Team totals, the under-the-radar option
Rather than betting the combined score, you can bet just one team's total. Broncos team total over 23.5 is a wager on Denver alone scoring 24+. This is useful when:
- You think one team will dominate but aren't sure how the other will respond.
- You want to combine with a moneyline (e.g., Broncos win + Broncos team total over) for an SGP.
- The full-game total has too much variance and you want to isolate one offense.
First-half and first-quarter totals
Books offer totals on partial-game segments. First-half NFL totals are typically set around 45-48% of the full-game total (slightly below half because second halves trend higher). First-five-inning totals in MLB insulate you from late-game bullpen variance, particularly valuable for Coors Field games where bullpens can blow up totals late.
Common mistakes
- Betting overs out of fan habit. Public bettors love overs; books know this and price accordingly. Disciplined bettors take the under more often than they think they will.
- Ignoring the close. If you bet the over at 45.5 and the line closes at 47.5, you got a great number. If it closes at 43.5, you lost the close, even if the over hits, your bet was -EV.

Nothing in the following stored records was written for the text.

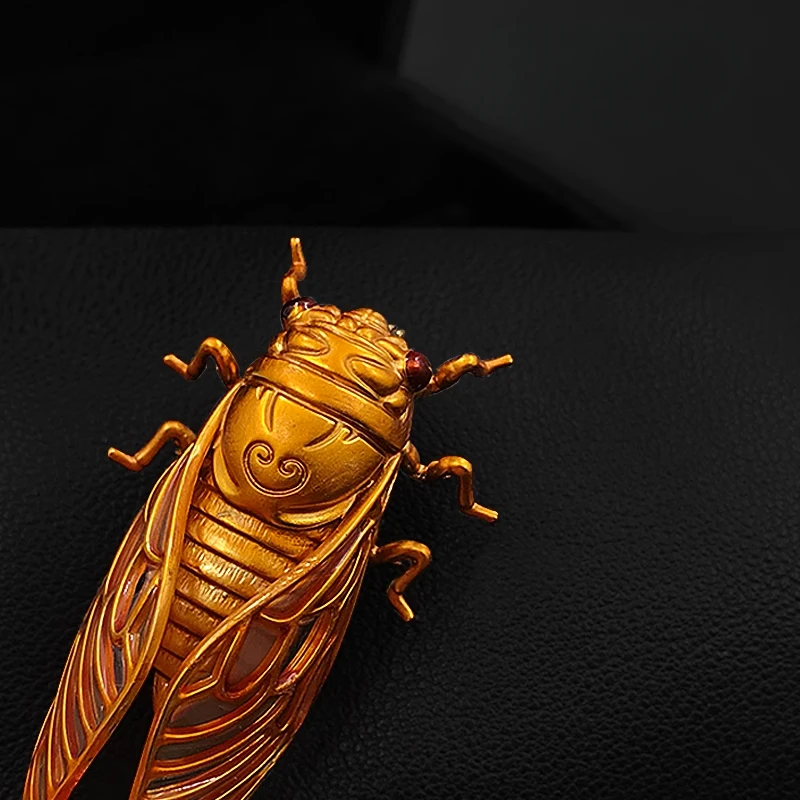 Broche de cigarra dorada con h - Women Accessories Meaning reseña y precio
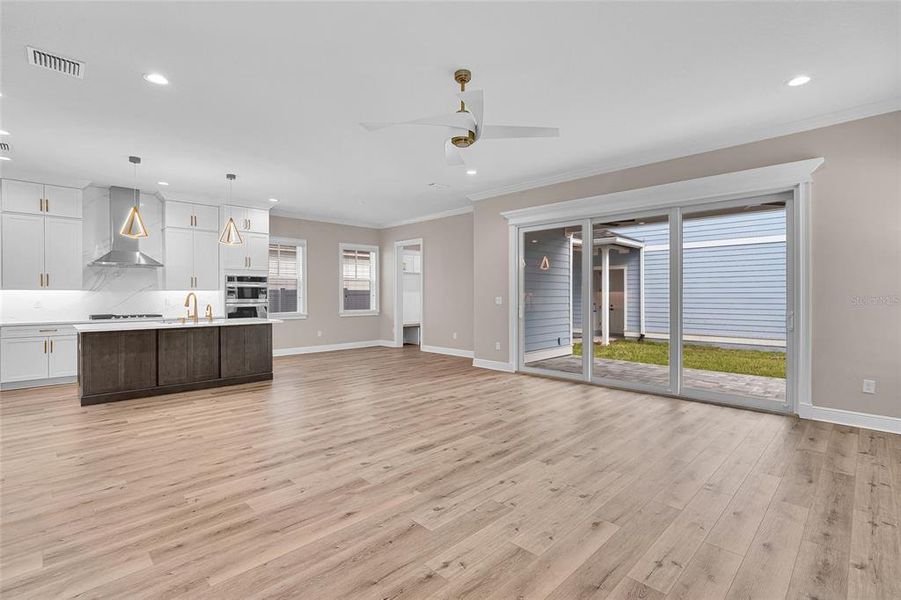 KITCHEN LIVING COMBO VIEW KITCHEN LIVING COMBO VIEW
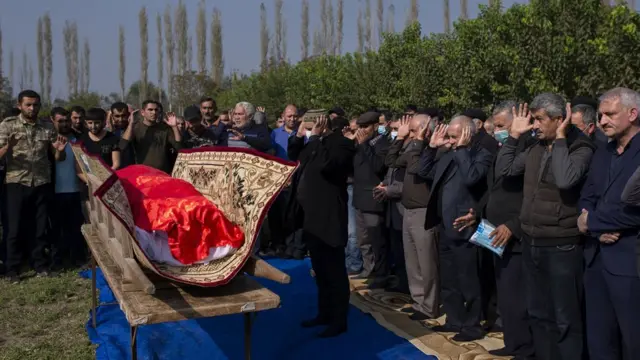 51 yaşlı Fazil Hacıyevin cənazə mərasimində yaxınları dua edirlər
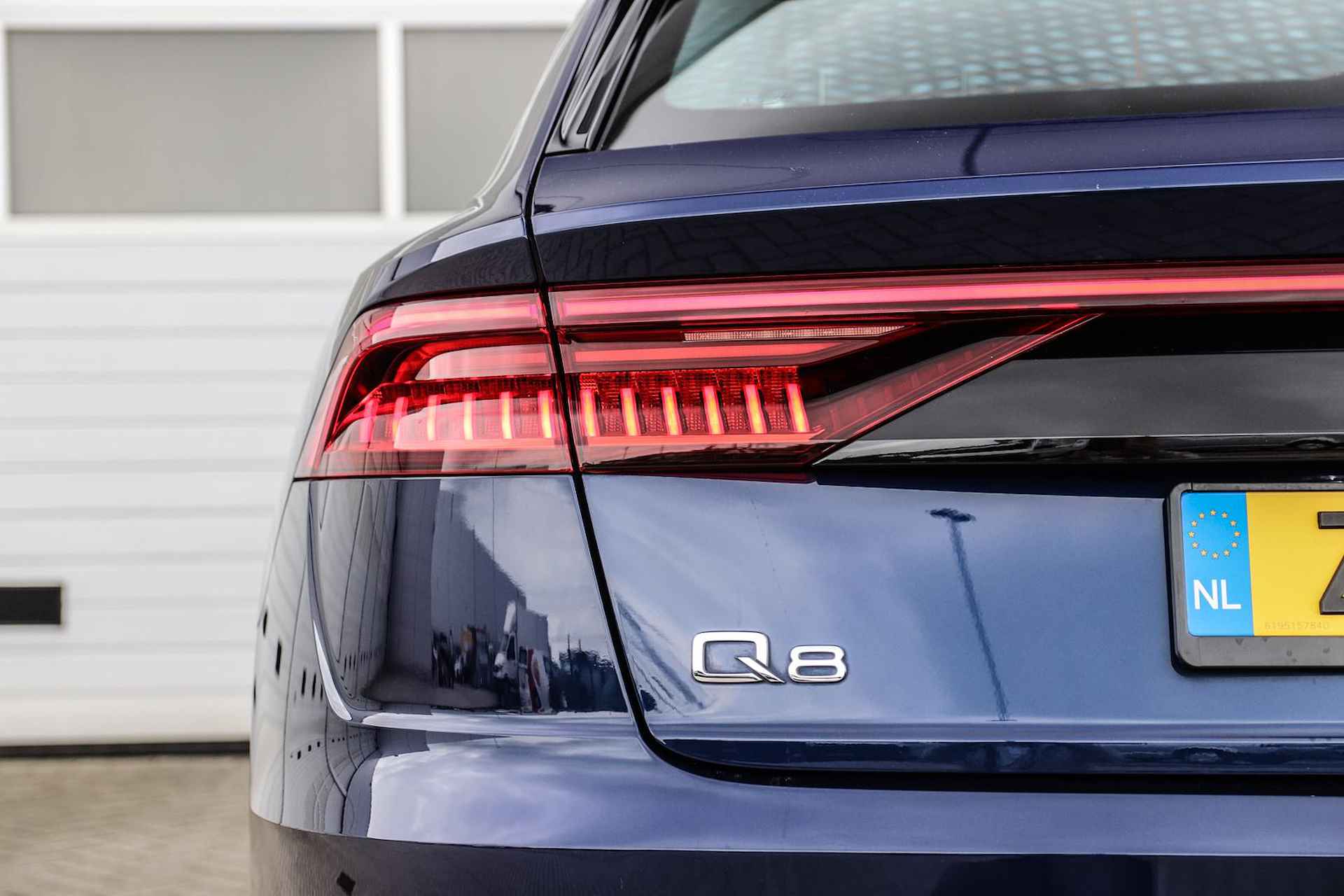 Audi Q8 55 TFSI 340pk Quattro S-Line Edition | Vierwielbesturing | Panoramadak | S-Sportstoelen - 14/52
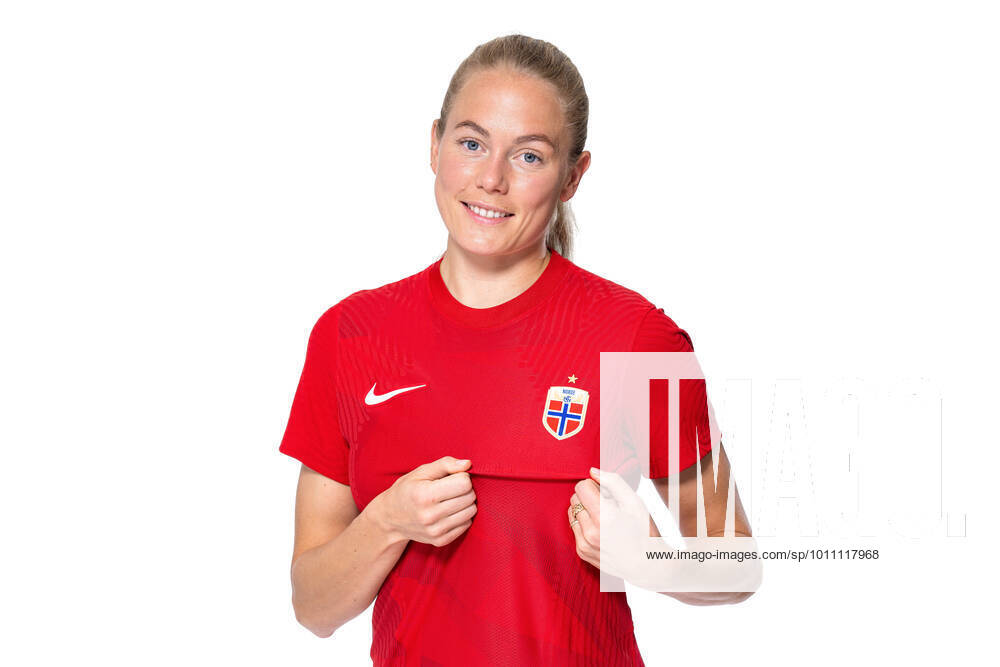 Guro Bergsvand of the Norwegian women?s national football team poses for a portrait on April 4, 2022 in Oslo. Photo: Vegard Grott BILDBYRAN kod VG VG0262 bbeng fotball fotboll football norge norway a kvinner portrett porträtt portraits dam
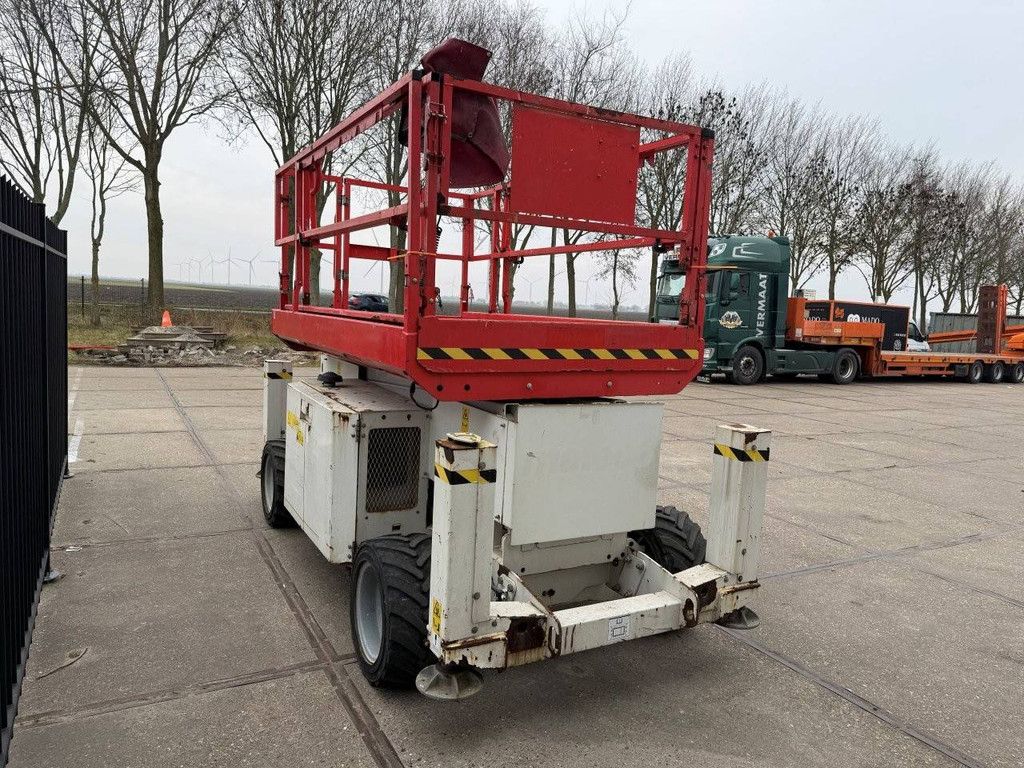 Scissor lift Genie GS3369 Diesel 12m 2013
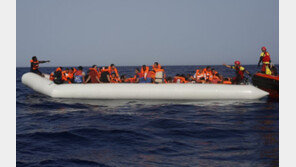 스페인 당국, 지중해서 난민 650명 구조…시신 4구 수습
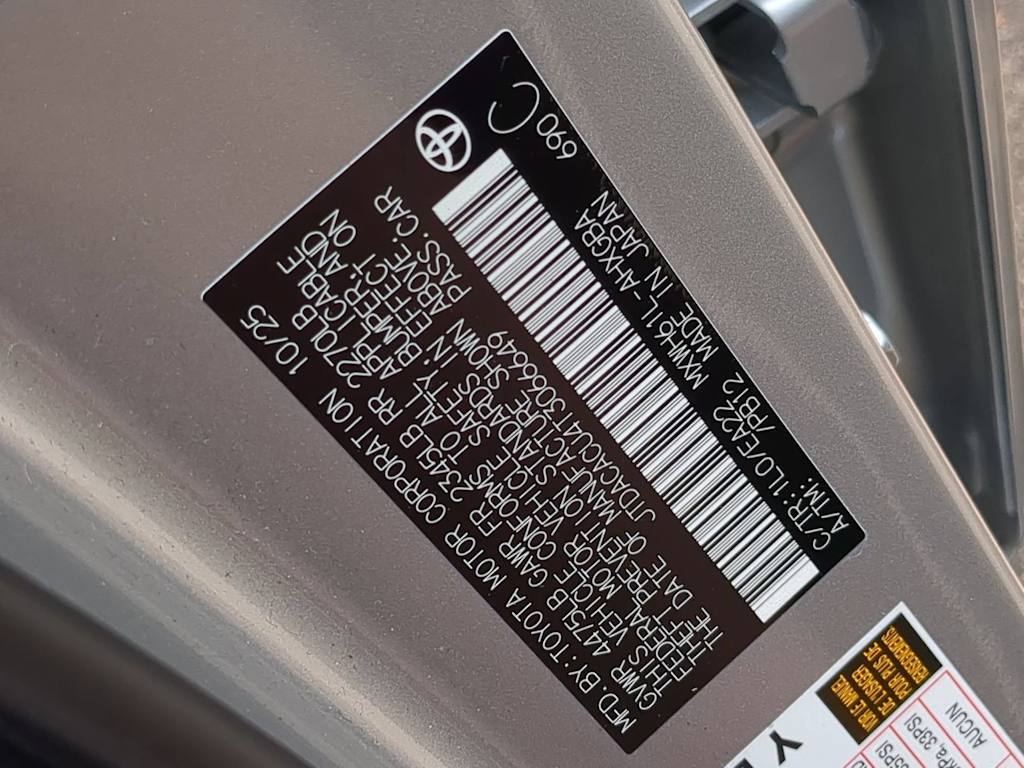 Thumbnail: 2026 Toyota Prius v - 17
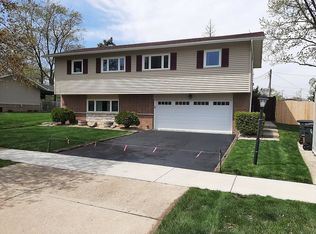 5702 Lancaster Dr, Oak Forest, IL 60452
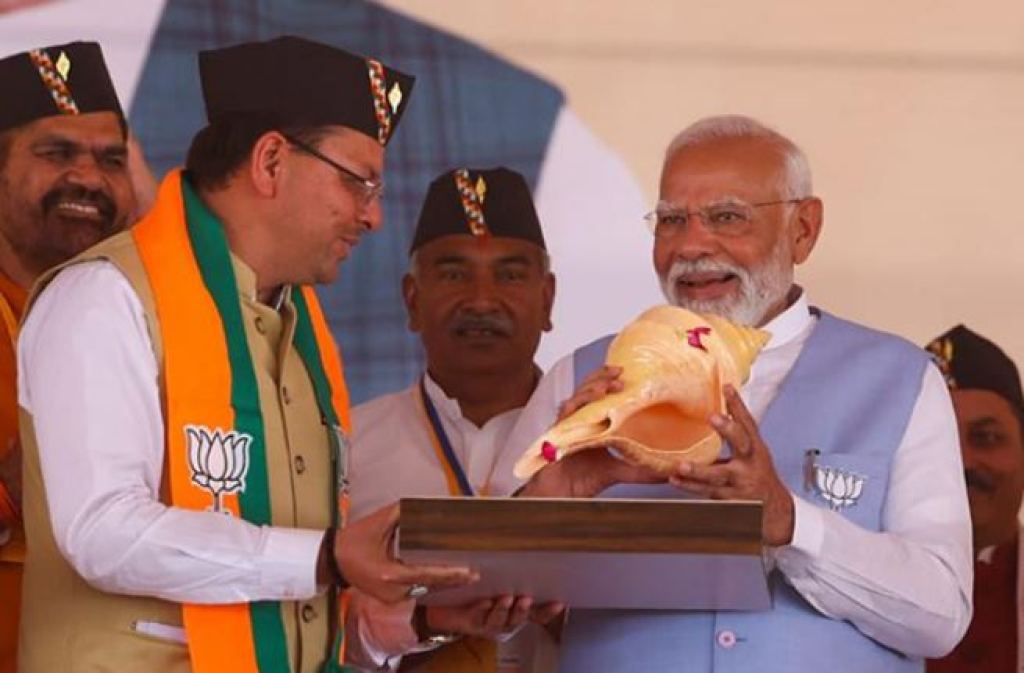 ઉત્તરાખંડના સીએમએ રૂદ્રપુર રેલીમાં પીએમ મોદીને શંખ અર્પણ કર્યો, ભાજપની ચૂંટણી પ્રચારની શરૂઆત કરી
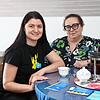 Inna Vityuk (links) und Hannah Kyrychenko haben zum Tee in Innas Wohnung eingeladen.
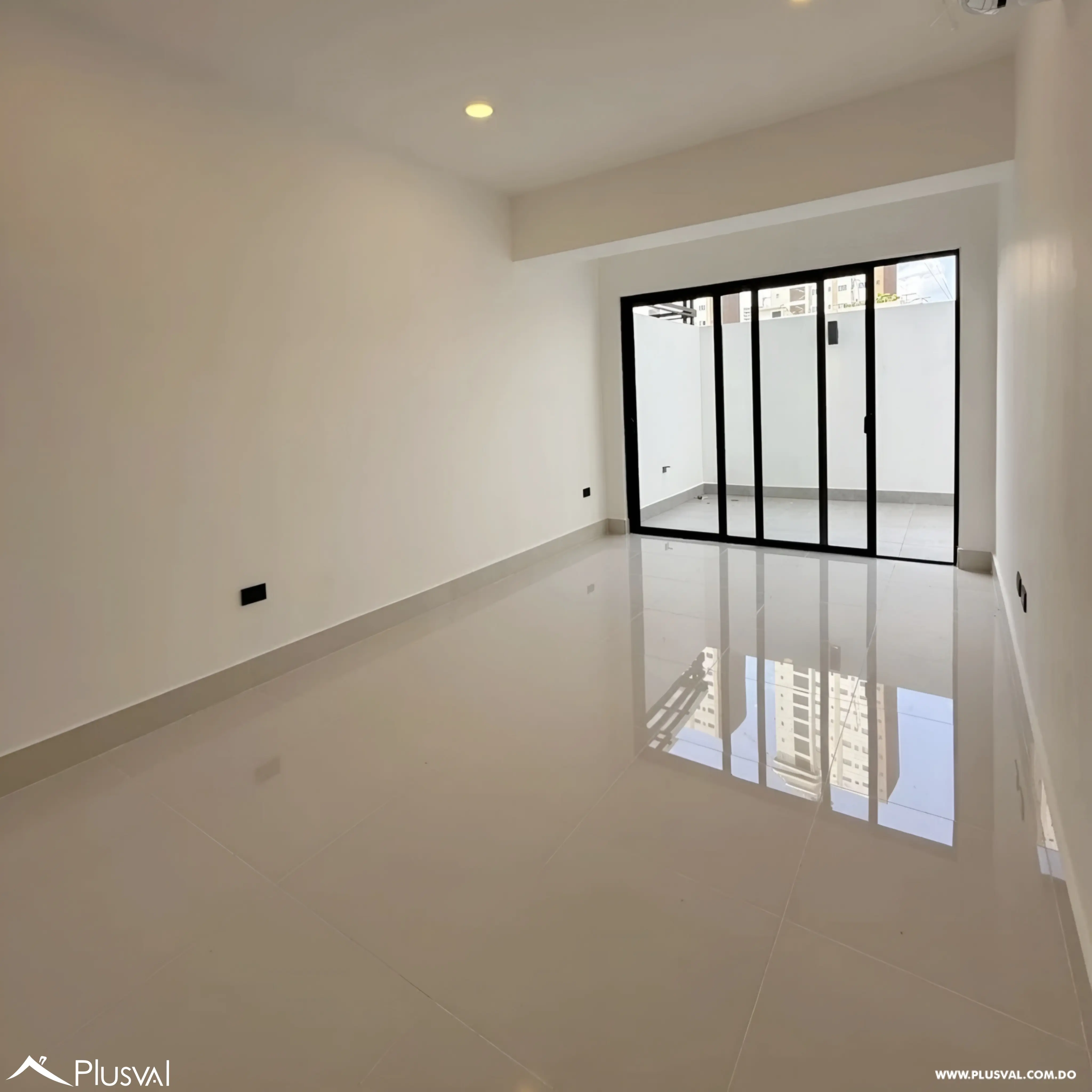 Apartamento en alquiler Serralles, una habitación en segundo nivel con terraza. 471485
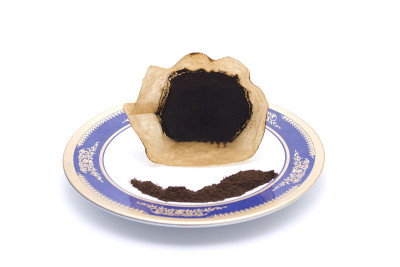 盘子上的新鲜咖啡过滤器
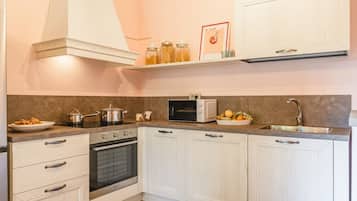 Forno, lavastoviglie, tostapane, seggiolone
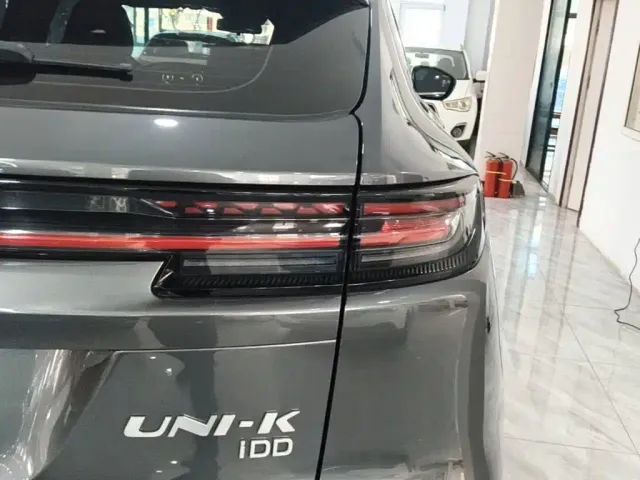 Changan UNI-K iDD — Фото автомобиля 7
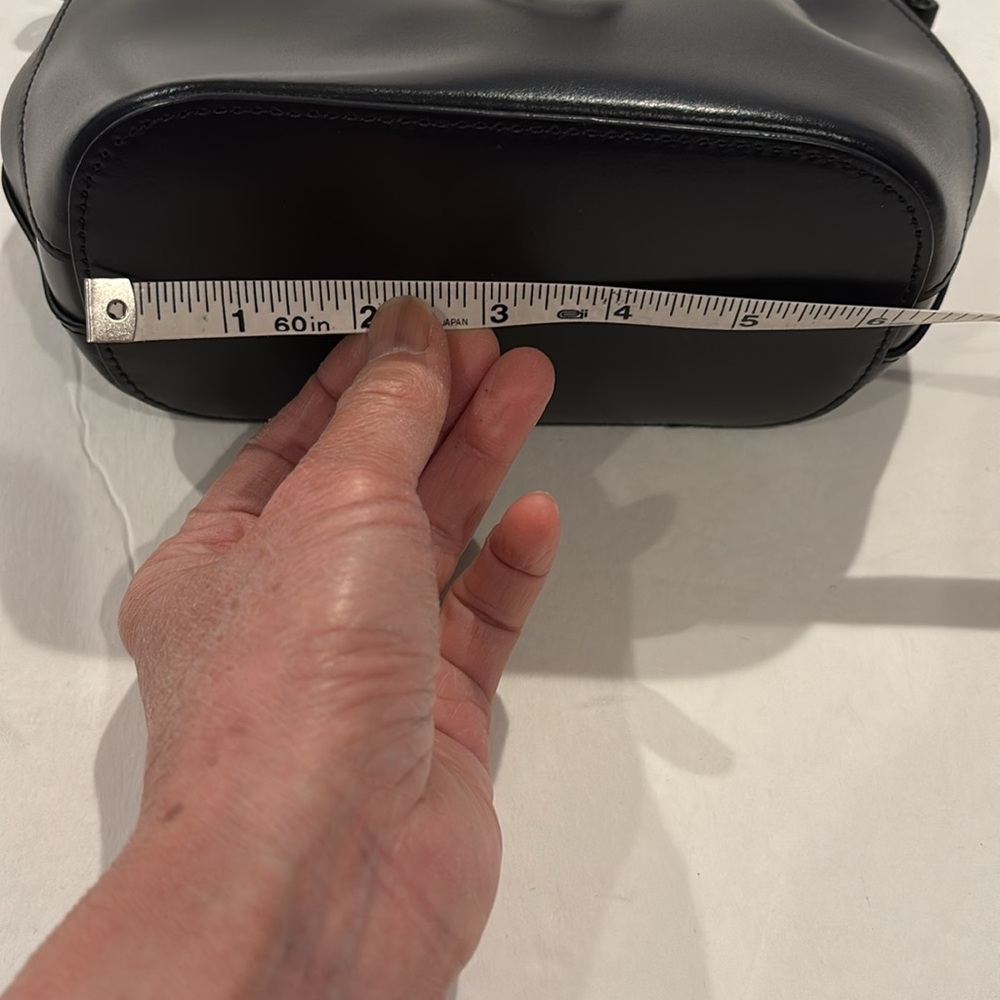 Agnes B. Black Crossbody Bag - Picture 13 of 14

- Forgetting overtime rules. Most NFL totals include overtime; some markets don't. Always check the book's rules tab.
- Treating totals like spreads. Totals don't have the same "key number" structure in NBA or college basketball. Don't overweight half-point movements there.
Best book for totals betting
DraftKings offers the widest catalog of alternate totals on every game, useful for granular control. FanDuel tends to price closing totals sharpest, meaning their numbers are closest to the true expected outcome. BetMGM runs reliable totals pricing across all sports and frequently offers totals odds boosts.